(Reuters) – Private equity investment in emerging markets totalled $13 billion in the first half of 2010, a 55 percent leap on year-ago levels and on track to beat 2009 levels, industry group EMPEA said on Wednesday.
An investment surge in Latin America and continued strong activity levels in China and India were behind the increase, the Washington DC-based Emerging Market Private Equity Association said in a statement.
EMPEA said 402 deals were done in the first half of the year, compared with 280 deals at this time in 2009. The average deal size at $51 million, was also bigger than last year.
Fundraising levels for private equity investment also rose, with $11 billion raised in the first half of 2010 versus $9 billion raised in the same period in 2009.
Asian funds, particularly Chinese funds, continue to account for more than half of the fund-raising total.
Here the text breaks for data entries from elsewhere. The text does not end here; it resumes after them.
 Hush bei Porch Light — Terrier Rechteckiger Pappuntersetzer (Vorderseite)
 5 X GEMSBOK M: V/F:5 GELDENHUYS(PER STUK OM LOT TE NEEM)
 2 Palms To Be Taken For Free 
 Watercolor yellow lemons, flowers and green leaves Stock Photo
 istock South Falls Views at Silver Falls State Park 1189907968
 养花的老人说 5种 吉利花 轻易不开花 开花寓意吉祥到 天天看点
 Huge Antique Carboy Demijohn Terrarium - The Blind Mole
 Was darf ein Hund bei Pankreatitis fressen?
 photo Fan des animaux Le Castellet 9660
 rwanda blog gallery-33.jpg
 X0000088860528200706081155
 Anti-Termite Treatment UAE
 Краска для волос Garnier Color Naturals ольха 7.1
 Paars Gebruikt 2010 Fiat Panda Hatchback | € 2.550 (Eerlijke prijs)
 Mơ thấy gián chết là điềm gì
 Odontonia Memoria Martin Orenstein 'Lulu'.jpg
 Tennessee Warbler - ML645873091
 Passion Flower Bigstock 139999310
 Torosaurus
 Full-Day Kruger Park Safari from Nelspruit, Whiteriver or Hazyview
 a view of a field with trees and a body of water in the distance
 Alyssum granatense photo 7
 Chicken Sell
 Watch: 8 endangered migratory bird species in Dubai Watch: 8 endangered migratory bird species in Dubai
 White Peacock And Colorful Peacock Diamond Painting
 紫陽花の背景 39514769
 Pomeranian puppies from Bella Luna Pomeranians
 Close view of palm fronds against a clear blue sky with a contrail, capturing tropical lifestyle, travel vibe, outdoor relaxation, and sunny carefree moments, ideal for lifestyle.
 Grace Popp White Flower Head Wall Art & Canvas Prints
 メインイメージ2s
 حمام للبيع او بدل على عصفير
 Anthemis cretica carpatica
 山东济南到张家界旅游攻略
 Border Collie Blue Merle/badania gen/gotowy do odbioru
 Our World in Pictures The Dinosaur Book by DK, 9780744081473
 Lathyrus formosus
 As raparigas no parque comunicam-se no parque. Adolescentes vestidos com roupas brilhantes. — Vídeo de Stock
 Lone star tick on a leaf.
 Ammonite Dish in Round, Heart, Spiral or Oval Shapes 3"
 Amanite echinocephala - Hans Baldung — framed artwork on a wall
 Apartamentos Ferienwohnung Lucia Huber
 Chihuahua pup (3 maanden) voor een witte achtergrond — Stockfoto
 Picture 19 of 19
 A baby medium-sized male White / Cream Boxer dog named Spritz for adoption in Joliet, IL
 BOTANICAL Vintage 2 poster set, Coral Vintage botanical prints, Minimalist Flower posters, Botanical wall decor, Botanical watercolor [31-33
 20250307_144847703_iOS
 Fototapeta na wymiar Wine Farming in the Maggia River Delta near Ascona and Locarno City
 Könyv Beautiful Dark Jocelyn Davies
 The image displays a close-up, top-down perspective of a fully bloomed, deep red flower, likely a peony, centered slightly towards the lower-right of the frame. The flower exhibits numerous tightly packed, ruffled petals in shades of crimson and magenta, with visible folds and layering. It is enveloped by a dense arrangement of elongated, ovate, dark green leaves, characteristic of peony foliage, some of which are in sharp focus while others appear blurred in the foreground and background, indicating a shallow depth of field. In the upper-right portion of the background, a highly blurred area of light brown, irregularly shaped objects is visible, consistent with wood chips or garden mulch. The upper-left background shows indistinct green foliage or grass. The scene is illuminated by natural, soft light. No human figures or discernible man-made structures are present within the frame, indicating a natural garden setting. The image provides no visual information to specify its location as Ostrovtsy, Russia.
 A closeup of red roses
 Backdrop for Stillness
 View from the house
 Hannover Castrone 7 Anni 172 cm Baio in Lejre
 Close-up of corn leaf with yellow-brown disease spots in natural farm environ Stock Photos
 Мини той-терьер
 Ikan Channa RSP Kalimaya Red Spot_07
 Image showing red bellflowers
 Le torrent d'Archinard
There were “notable upticks” in capital raised for funds investing in sub-Saharan Africa and Latin America, EMPEA said.
“African funds raised through June already exceeded the full year 2009 total, and some sizeable funds being raised point to a return to pre-crisis levels,” the group said.
Investors often look to private equity investment in frontier emerging markets, such as Africa, where stock markets lack liquidity or do not exist at all.
Two of the five largest private equity deals in emerging markets were in Brazil, EMPEA added, and private equity investment in the country soared 53 percent in the first six months of 2010 from whole-year 2009, to $1.513 billion.